Don't get me wrong-- my massage therapist at the doctor's office is awesome, and I always leave the table feeling zen and relaxed and loose, but after 2 years of no-frills service, I forgot how much I dig the extras that come with a spa massage-- the foot soak and scrub, the aromatherapy, the hot towel wraps, the heated face mask, the fireplace in the room, fluffy table bedding-- you get the idea. The doctor's office has unheated tables, thin sheets, and scent-free, antibacterial lotion. Today's therapist wrapped a hot towel around my neck and moved my head from side to side in a stretch that instantly elongated my spine, and that was the moment I knew I would be back. I even took her advice to come for 90 minutes next time so she wold have more time to work on my left shoulder, permanently hunched from slinging a baby on my hip.

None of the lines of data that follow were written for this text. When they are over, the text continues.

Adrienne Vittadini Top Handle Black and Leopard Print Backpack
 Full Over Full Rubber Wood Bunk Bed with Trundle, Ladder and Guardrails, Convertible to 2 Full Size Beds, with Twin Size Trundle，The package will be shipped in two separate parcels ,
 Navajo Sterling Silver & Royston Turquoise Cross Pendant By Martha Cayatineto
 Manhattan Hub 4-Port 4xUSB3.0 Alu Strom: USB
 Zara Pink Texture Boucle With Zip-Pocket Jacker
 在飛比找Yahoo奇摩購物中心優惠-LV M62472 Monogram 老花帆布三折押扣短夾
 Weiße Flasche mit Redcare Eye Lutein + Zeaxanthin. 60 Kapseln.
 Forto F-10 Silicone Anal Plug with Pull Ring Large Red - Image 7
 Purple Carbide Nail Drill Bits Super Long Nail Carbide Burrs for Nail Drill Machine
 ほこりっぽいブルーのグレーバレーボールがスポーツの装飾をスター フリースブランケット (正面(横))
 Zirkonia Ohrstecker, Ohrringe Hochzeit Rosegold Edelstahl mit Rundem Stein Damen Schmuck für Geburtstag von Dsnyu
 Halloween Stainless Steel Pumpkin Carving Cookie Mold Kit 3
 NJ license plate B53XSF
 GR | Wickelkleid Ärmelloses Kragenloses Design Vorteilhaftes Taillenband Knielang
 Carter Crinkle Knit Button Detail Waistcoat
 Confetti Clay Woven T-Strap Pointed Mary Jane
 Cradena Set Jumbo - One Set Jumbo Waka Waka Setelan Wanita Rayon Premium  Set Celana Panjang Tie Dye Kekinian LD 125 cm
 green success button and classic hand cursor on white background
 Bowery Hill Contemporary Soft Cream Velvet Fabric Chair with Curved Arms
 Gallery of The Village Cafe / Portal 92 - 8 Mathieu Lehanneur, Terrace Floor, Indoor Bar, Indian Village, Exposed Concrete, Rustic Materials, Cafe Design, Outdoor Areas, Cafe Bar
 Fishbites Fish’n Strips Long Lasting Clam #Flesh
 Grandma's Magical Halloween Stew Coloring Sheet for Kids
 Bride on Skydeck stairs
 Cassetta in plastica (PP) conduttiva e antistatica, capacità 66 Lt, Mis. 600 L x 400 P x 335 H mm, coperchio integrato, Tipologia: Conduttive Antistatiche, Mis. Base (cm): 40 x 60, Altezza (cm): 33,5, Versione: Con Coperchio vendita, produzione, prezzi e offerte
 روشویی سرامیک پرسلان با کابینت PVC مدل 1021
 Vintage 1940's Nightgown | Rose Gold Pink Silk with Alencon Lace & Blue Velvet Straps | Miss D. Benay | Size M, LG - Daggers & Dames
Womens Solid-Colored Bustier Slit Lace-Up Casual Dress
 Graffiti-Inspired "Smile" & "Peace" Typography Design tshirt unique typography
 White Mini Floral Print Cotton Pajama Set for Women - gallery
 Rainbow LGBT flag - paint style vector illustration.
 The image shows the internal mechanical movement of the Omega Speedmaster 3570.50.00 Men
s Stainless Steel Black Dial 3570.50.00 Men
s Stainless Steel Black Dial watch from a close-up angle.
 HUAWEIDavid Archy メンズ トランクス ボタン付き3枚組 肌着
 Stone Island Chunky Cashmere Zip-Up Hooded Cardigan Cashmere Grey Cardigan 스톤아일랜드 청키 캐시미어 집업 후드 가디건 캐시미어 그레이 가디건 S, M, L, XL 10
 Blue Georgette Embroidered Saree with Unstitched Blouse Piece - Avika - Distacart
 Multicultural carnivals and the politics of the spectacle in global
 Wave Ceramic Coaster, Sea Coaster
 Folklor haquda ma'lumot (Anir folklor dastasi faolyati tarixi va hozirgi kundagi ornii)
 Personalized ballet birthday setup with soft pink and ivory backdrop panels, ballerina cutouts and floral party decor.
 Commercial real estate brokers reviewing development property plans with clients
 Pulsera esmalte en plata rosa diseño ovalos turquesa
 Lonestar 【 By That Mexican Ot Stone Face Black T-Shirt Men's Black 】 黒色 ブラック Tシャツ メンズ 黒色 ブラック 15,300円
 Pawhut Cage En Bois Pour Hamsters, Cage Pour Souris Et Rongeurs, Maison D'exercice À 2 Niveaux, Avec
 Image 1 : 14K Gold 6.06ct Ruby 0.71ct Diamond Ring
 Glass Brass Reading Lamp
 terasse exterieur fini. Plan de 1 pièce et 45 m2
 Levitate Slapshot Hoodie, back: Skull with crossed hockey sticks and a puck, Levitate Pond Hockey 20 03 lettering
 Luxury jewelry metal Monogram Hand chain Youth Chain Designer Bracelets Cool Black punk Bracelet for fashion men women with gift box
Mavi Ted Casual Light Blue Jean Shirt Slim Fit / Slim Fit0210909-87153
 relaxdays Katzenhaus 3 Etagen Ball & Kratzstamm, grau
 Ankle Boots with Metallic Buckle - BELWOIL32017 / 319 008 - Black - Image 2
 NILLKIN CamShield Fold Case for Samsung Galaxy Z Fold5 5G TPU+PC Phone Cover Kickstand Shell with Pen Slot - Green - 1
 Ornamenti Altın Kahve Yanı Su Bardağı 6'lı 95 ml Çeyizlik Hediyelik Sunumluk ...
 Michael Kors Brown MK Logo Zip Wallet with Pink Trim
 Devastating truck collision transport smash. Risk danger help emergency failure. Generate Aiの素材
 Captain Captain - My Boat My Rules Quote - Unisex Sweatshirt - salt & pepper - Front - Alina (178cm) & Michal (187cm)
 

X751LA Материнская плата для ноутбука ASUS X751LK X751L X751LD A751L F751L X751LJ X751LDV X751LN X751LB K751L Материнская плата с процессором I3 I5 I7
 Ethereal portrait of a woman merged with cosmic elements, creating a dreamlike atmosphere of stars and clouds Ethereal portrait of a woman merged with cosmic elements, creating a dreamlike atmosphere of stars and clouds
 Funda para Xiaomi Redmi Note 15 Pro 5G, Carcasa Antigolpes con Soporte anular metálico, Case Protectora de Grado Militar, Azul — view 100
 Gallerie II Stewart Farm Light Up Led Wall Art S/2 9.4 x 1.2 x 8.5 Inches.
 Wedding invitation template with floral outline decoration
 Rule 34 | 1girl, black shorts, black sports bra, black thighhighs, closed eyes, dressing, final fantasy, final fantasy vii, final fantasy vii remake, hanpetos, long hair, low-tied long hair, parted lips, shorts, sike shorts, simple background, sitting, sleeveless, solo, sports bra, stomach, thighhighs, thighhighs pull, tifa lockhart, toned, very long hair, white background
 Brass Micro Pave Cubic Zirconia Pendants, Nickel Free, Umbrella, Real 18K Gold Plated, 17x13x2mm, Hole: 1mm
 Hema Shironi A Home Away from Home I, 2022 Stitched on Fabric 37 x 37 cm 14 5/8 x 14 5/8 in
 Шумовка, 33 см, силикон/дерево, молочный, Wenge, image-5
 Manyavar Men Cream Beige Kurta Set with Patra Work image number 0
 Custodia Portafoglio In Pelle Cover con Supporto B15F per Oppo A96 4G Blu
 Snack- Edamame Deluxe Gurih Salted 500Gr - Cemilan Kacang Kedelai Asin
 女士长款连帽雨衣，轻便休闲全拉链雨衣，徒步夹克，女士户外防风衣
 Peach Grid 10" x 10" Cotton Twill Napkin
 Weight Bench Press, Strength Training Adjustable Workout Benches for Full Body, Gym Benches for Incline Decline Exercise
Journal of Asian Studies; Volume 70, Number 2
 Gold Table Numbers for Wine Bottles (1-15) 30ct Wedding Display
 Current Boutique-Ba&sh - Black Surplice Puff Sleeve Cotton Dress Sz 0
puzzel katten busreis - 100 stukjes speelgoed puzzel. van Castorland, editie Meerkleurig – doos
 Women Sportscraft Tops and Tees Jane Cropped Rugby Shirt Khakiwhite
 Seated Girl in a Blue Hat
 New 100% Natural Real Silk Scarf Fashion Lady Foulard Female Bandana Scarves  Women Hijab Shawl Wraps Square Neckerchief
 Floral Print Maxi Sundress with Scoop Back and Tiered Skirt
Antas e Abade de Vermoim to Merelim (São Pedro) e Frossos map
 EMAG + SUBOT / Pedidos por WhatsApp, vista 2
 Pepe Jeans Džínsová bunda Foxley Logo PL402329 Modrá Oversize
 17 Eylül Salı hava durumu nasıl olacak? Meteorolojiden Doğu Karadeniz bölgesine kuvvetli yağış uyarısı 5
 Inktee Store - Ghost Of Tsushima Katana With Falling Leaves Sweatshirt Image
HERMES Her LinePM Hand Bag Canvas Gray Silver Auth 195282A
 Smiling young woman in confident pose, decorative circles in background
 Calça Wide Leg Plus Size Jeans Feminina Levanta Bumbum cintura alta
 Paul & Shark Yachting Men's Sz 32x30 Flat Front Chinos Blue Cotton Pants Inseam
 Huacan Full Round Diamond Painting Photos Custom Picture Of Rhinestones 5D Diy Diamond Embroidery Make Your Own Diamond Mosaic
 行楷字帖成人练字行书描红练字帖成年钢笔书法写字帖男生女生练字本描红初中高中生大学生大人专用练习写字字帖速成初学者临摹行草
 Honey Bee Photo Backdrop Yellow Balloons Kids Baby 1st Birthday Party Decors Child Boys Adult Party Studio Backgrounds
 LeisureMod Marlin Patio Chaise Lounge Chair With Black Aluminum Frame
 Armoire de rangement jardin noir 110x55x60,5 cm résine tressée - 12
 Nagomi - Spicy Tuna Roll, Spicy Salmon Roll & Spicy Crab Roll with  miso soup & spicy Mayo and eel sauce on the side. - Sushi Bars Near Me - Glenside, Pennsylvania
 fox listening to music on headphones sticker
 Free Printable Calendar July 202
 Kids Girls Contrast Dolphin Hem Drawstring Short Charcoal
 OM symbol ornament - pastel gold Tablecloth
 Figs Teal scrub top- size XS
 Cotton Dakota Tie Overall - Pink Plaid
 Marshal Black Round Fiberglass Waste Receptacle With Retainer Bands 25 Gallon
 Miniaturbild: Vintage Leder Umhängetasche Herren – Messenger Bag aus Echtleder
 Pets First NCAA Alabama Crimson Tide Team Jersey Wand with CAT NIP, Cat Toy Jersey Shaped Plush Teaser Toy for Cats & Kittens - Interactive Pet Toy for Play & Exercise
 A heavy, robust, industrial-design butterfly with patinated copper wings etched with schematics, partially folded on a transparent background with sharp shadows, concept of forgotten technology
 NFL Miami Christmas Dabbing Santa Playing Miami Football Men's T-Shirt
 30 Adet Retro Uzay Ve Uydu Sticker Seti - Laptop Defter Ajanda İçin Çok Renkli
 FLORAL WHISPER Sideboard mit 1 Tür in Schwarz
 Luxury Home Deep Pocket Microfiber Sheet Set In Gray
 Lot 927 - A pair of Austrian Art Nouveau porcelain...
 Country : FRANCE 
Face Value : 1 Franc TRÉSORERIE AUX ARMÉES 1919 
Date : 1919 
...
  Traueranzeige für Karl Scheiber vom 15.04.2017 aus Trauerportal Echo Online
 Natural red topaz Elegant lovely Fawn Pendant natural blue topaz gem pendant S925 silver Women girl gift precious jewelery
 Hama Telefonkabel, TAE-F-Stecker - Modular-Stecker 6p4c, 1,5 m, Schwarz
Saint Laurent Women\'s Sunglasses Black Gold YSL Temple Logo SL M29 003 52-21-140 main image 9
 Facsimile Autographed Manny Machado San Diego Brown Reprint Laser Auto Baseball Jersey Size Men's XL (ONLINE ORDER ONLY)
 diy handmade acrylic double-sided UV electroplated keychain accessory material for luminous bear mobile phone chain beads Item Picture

Yesterday, Harry's class joined with the other kindergartens for a music concert which was, predictably, adorable. Harry was in the dead center of the stage, and he has been talking so excitedly about his duet that he'd get to sing into a mic and the risers he got to stand on and how he's going to be a singer when he grows up. I thought he'd be a little ham. At first, he was. He spotted me and Jack and Cooper instantly at our place in the back row (because I had Coop in the Ergo and he demands that I stand), and he waved and beamed and warmed up with the rest of the kids. Then, midway through the first number, he stopped singing. His choreographed gestures became little thigh-high flips of his hands. When it was his turn to use the mic he barely whispered. He told me later that he got nervous when he looked into the audience and saw his girlfriend, which is how he has started referring to the first grade girl he knows from the hallway. Bow and arrow shot from the tiny fairy indeed.